Se piensa que los escritores somos seres extraterrenos, que nuestra sensibilidad, y lo que es peor, nuestra inteligencia, sobrepasan aquellas de los pobres mortales. La lástima es que existen autores que se lo creen y viven como tales la orgiástica dicha de los dioses falsos. Patxi no recrea de su vida personal genialidades ni encuentros de tercer tipo. Su literatura está presente, respira, habla de ella, la madura, la asimila para el momento en que pueda plasmarla.

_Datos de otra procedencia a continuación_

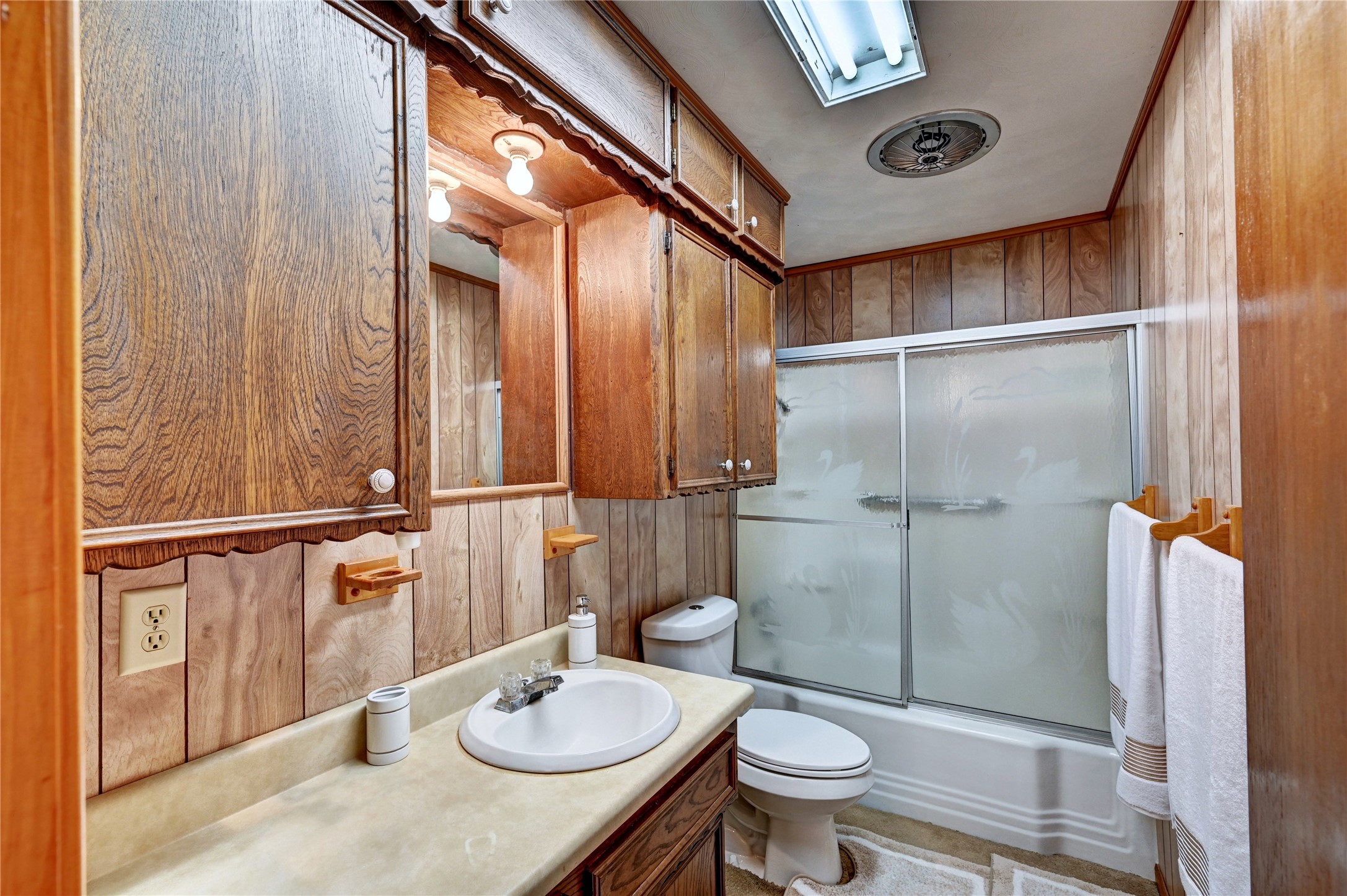 6 Hickory Hollow Road Huntsville, TX 77320 - Photo 32 of 44 a bathroom with a sink toilet and shower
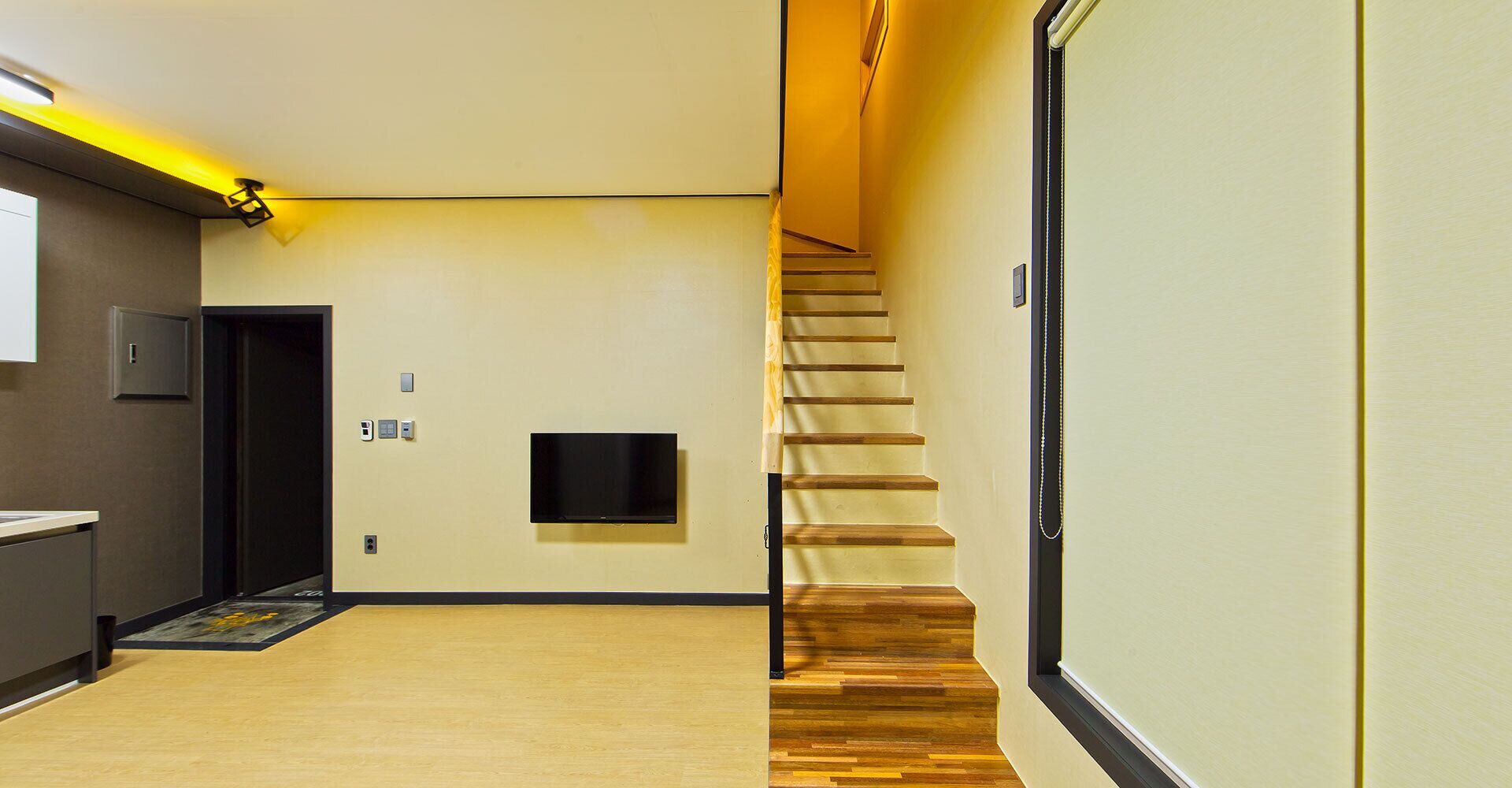 Un couloir d’hôtel moderne avec un escalier en bois, un téléviseur à écran plat fixé au mur et une porte dotée d’un interrupteur.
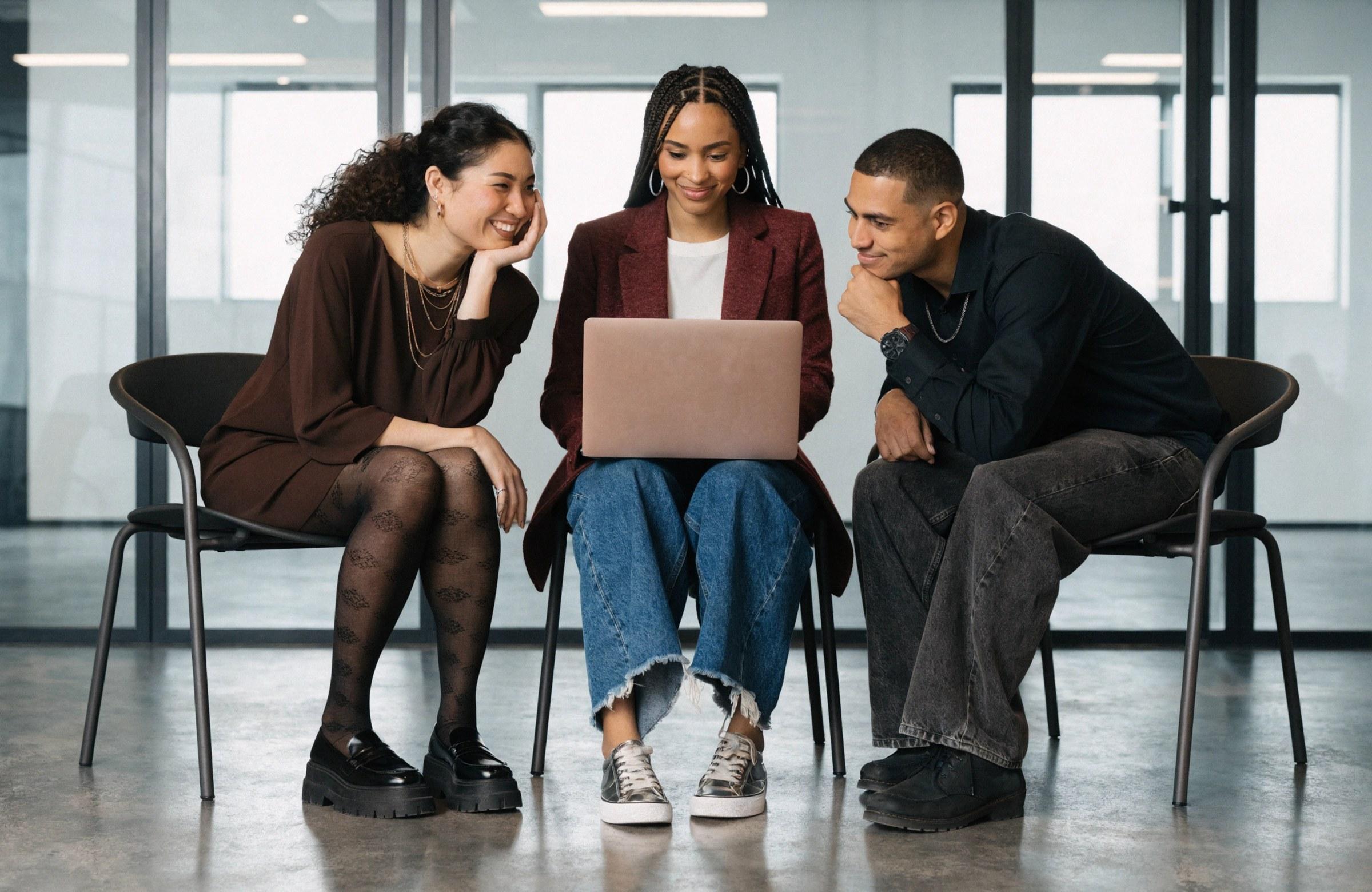 ISG teammates reviewing work together at a laptop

No es ajena a su brega diaria, a aguantar cabronadas de jefes en empleos inmundos, a preocuparse por las bombillas eléctricas, cerraduras, faros y vetustez del coche. Se pensaría qué pena que este hombre va perdiendo sus años en burradas semejantes, sin ser cierto. Contar los avatares domésticos de una existencia jodida por las circunstancias puede convertirse también en literatura.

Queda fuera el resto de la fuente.